A ver, vemos en estos momentos que la Generalitat de Catalunya y la Asamblea catalana se encuentran en abierta rebeldía contra la Constitución y contra la nación española. ¿Dónde están los que han jurado hacer guardar la Constitución? ¿A qué esperan? ¡Ah! Que es cuestión de prudencia política. Vale, pero entonces dejémonos de parafernalias inútiles.
Otro ejemplo: el artículo 4.2 del Título Preliminar de la Constitución dice: “Los Estatutos podrán reconocer banderas y enseñas propias de las CCAA. Estas se utilizarán junto a la Bandera de España en edificios públicos y actos oficiales”.
Como bien sabe cualquiera que esté atento a lo que sucede en Cataluña y en el País Vasco el incumplimiento de lo estipulado es flagrante; incluso cuando la última toma de posesión del Presidente de la Generalitat se ocultó ostentosamente el cuadro de S. M. el Rey y no estaba presente la Bandera de España como era preceptivo por Ley.

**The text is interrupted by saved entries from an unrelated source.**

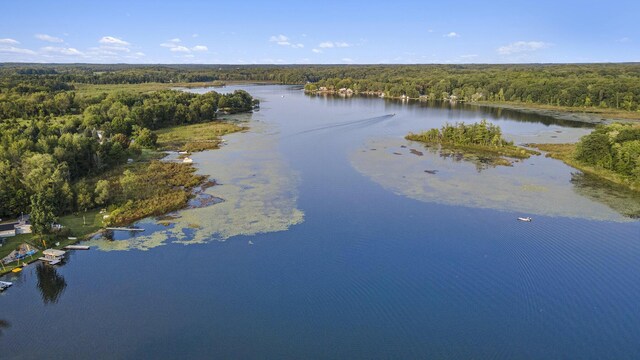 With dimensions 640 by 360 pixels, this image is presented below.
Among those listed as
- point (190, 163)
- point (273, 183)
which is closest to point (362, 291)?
point (273, 183)

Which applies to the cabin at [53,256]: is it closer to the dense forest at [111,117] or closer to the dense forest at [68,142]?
the dense forest at [68,142]

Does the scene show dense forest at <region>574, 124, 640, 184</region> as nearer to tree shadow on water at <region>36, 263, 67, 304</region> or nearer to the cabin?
tree shadow on water at <region>36, 263, 67, 304</region>

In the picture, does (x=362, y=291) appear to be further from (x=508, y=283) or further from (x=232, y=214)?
(x=232, y=214)

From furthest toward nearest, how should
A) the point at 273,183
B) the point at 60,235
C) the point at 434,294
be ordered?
the point at 273,183 → the point at 60,235 → the point at 434,294

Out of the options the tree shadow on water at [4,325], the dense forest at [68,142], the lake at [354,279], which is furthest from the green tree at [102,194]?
the tree shadow on water at [4,325]

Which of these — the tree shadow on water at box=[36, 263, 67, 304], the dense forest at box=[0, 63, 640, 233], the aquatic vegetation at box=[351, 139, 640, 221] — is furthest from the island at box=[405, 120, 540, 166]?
the tree shadow on water at box=[36, 263, 67, 304]

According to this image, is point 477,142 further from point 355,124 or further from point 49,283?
point 49,283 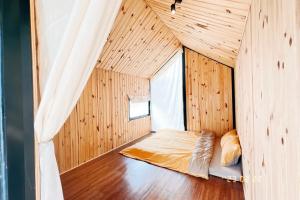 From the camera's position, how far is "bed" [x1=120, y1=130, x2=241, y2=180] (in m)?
3.02

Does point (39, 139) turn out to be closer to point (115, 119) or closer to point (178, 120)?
point (115, 119)

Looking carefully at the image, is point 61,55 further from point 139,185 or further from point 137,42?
point 137,42

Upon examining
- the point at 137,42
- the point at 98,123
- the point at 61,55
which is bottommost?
the point at 98,123

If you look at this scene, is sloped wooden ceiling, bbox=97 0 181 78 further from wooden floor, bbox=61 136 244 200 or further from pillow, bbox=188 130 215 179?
pillow, bbox=188 130 215 179

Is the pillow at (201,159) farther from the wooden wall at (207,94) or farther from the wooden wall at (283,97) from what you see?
the wooden wall at (283,97)

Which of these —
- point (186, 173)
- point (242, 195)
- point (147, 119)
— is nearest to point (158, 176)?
point (186, 173)

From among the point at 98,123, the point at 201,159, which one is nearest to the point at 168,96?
the point at 98,123

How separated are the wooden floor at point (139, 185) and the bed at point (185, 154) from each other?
0.14 meters

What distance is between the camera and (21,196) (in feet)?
3.69

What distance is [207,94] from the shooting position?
5.34 meters

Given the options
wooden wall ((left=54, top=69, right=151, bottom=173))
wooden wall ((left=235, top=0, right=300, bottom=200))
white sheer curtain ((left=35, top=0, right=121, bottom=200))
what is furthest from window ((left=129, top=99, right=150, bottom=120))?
wooden wall ((left=235, top=0, right=300, bottom=200))

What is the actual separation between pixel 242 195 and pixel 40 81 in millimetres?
2502

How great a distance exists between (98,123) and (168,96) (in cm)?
269

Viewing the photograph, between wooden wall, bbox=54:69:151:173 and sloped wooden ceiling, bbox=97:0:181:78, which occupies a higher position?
sloped wooden ceiling, bbox=97:0:181:78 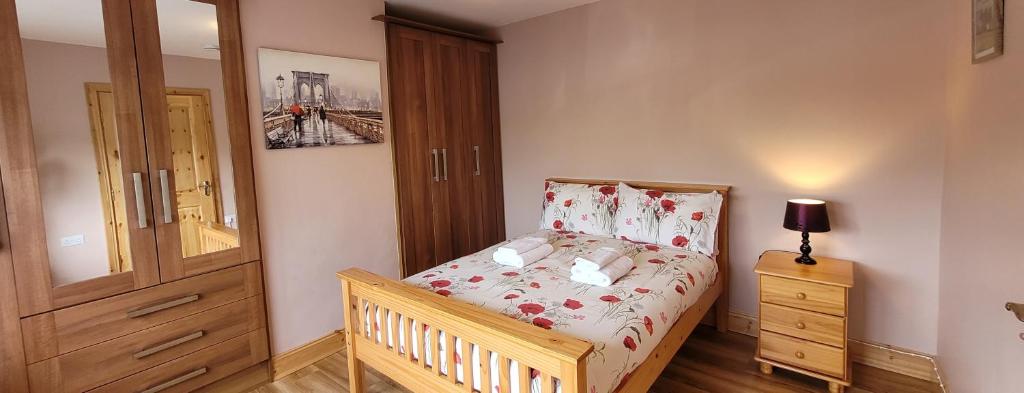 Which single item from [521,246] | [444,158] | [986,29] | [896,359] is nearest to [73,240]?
[521,246]

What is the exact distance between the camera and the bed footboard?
1.45 meters

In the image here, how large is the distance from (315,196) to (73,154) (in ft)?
3.63

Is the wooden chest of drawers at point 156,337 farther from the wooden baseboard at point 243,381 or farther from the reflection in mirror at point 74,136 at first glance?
the reflection in mirror at point 74,136

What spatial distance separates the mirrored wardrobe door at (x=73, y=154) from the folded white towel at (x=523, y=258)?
5.58 ft

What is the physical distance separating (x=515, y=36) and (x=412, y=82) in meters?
1.05

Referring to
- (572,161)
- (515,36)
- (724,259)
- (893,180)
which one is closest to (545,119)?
(572,161)

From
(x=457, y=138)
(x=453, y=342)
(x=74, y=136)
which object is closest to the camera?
(x=453, y=342)

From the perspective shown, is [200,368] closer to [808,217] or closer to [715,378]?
[715,378]

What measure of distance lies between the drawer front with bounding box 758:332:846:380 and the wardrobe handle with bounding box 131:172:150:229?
3112 mm

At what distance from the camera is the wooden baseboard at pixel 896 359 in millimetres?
2393

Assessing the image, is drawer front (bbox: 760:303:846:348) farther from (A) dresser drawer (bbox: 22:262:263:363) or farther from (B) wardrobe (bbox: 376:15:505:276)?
(A) dresser drawer (bbox: 22:262:263:363)

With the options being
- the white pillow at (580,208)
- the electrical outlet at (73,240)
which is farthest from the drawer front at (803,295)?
the electrical outlet at (73,240)

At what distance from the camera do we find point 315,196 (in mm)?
2822

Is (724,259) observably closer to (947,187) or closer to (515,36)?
(947,187) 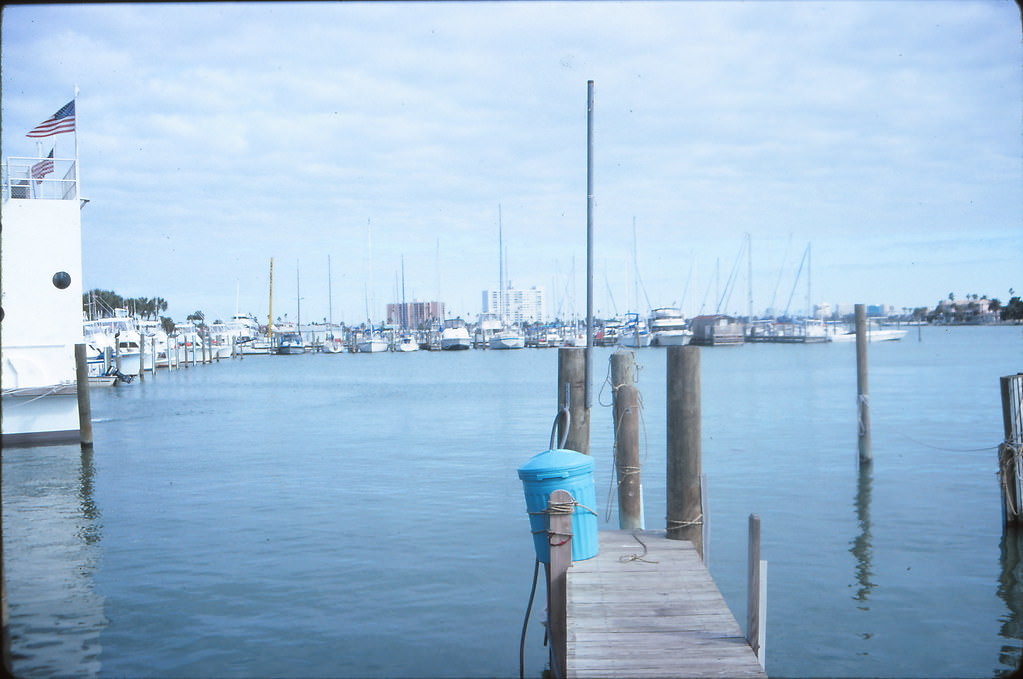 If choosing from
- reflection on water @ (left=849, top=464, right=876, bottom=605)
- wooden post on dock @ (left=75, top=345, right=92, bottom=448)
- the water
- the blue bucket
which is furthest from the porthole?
reflection on water @ (left=849, top=464, right=876, bottom=605)

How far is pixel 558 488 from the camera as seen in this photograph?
8.07m

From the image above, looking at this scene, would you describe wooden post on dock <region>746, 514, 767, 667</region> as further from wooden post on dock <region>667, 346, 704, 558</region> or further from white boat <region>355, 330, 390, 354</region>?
white boat <region>355, 330, 390, 354</region>

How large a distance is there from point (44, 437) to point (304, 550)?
16.6 meters

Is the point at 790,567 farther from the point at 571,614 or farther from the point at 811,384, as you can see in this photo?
the point at 811,384

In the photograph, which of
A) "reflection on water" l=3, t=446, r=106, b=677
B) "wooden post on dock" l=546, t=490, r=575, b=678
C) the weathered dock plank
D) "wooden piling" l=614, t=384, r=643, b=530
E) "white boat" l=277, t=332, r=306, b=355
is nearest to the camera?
the weathered dock plank

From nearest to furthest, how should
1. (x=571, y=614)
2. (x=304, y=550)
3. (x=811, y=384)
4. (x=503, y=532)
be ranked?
1. (x=571, y=614)
2. (x=304, y=550)
3. (x=503, y=532)
4. (x=811, y=384)

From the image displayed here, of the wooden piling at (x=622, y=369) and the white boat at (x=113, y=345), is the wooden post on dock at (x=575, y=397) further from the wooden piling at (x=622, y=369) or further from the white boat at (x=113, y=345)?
the white boat at (x=113, y=345)

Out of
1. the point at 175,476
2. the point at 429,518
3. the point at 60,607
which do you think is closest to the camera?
the point at 60,607

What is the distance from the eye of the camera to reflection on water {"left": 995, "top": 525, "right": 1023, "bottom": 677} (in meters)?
9.35

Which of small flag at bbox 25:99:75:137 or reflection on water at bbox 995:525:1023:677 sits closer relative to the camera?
reflection on water at bbox 995:525:1023:677

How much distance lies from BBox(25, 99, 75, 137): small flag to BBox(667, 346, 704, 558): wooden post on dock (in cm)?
2345

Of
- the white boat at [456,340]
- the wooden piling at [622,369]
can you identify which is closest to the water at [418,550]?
the wooden piling at [622,369]

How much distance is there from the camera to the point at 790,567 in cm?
1273

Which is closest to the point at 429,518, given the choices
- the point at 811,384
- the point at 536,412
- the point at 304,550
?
the point at 304,550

Sí esto no es incumplir la Constitución ya me dirán Vds. que es.
Por cierto, y sin hacer juicios de valor, en el ya citado Acto Oficial estaban presentes un Ministro del Gobierno y la Autoridad Militar de la Plaza tan panchos ellos como si la cosa no fuera tal cual fue.
Y reitero mi pregunta anterior: ¿Dónde están los que han jurado hacer guardar la Constitución?
Francamente todo esto es bochornoso y creo de verdad que sería más honrado evitar el paripé de juramentos y promesas que luego nadie cumple.
Y son tan sólo dos ejemplos los que he puesto pero créanme que hay muchos más, la lista es larga.
Yo propondría eliminar esta fórmula como precepto en la toma de cargos y responsabilidades. Al menos evitaríamos más de un cargo de conciencia a alguno que otro.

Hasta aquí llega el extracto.